1. Broccoli pasta
You will need:
½ cup whole-wheat fusilli pasta
½ cup red onions (chopped)
1 cup broccoli florets and corn
½ cup button mushrooms (chopped)
2 tbsp cheddar cheese (grated)
1 tsp sesame seeds (toasted)
½ tsp herbs mix
1 tbsp olive oil
Salt and pepper, to taste
How to:
Cook pasta according to the directions given on the package and set aside.
Heat olive oil in a saucepan over medium heat and sauté onions until they turn light golden.
Add broccoli florets, mushrooms, corn, salt, and pepper and cook everything for seven to eight minutes.
Add pasta, herbs mix, and cheese. Give a toss to the mixture and cook on low heat for about three minutes.
Turn off the flame and transfer the pasta into a bowl. Garnish with toasted sesame seeds, and the healthy pasta is ready to eat.
Serve it to children for breakfast with a cup of milk. Add more seasonal veggies, such as spinach and capsicum, to intensify the nutritional value of the recipe.

2. Broccoli buckwheat noodles
You will need:
50g buckwheat noodles pack
1 cup broccoli florets
½ cup onions (chopped)
½ cup tomato (thinly sliced)
½ cup tiny button mushrooms
1 tsp herbs mix
1 tsp sesame seeds (toasted)
1 tbsp olive oil
How to:
Cook the pasta according to directions on the package and set aside.

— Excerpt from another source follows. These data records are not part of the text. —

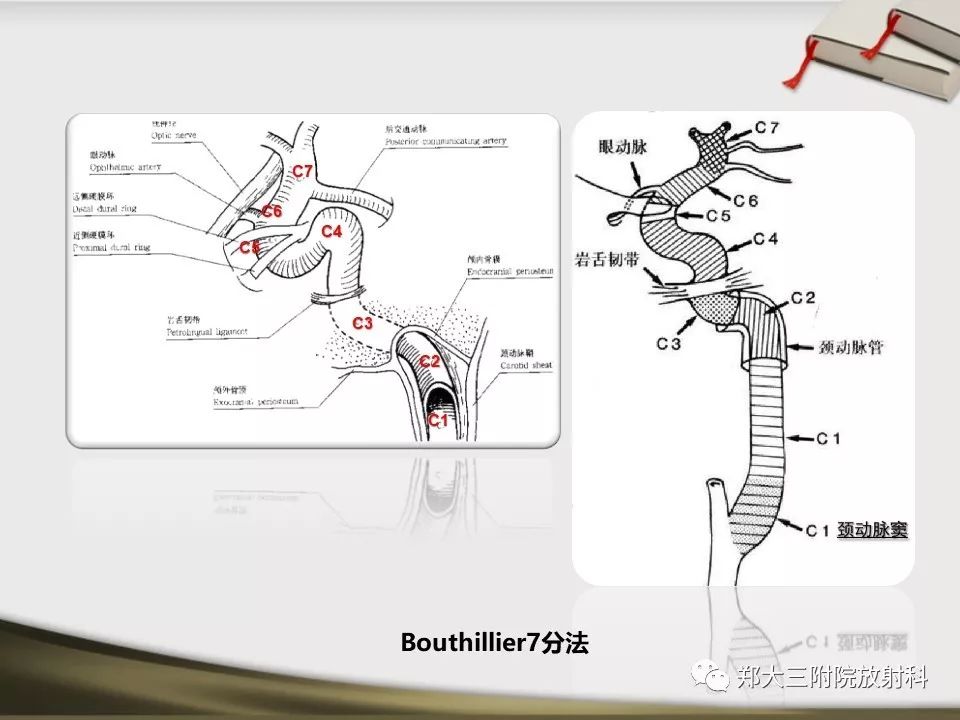 【PPT】头颈联合CTA临床应用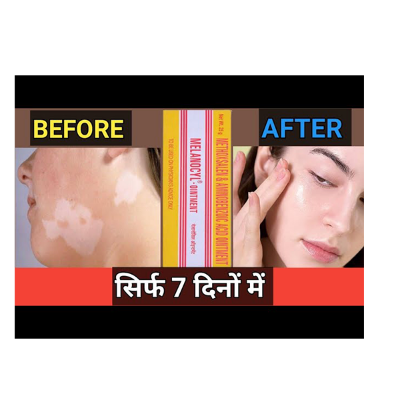 Picture of Indian Melanocyl Ointment  25g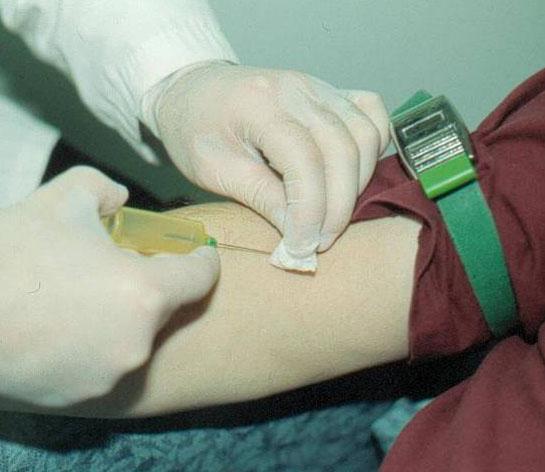 Figure 5-XXI: Remove Needle Slowly Failure to remove the tourniquet prior to removal of the needle may result in a haematoma. 12.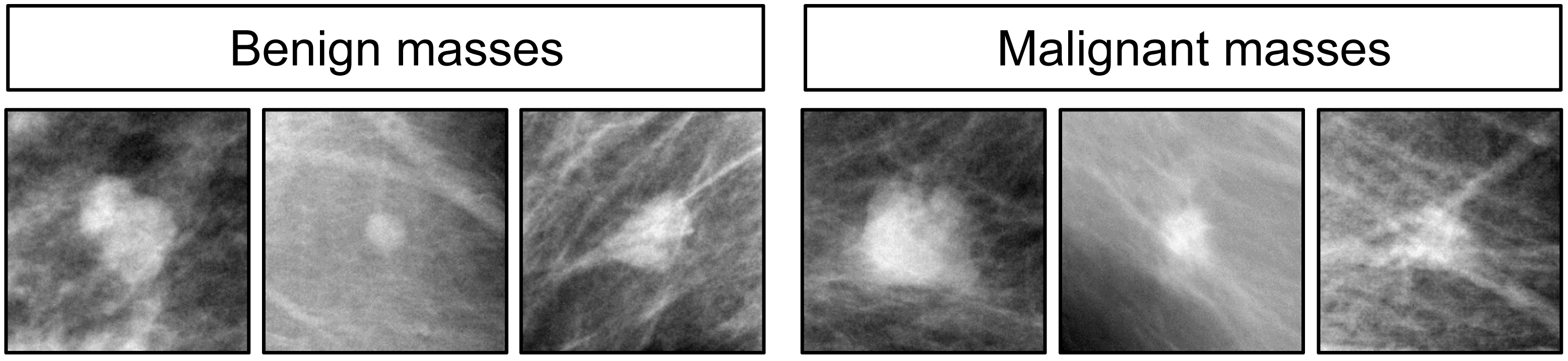 Healthcare Analytics A Breast Cancer Application ProSensus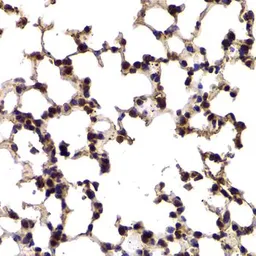 Anti-Splicing factor 1 antibody used in IHC (Paraffin sections) (IHC-P). GTX54670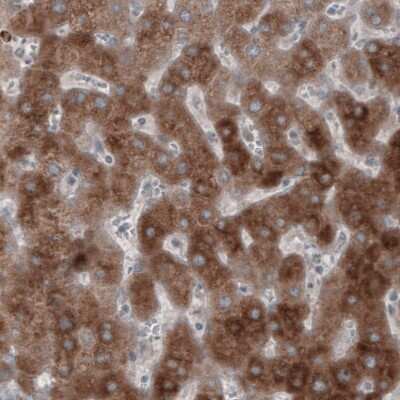 Immunohistochemistry-Paraffin: HMG-CoA Reductase/HMGCR Antibody (CL0259) [NBP2-61616]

Heat olive oil in a skillet over low heat and sauté onions until they turn light brown.
Add broccoli, mushrooms, herbs mix, sesame seeds, and toss the mixture two to three times over high heat.
Lower the flame and let the veggie mix cook for five minutes or until the veggies turn tender.
Turn off the heat and transfer the noodles to a serving plate. Serve warm as breakfast or lunch.
You can add crumbled cottage cheese, tofu, soy nuggets, or chicken shreds to this recipe to up its protein For added micro nutrients, add loads of seasonal veggies.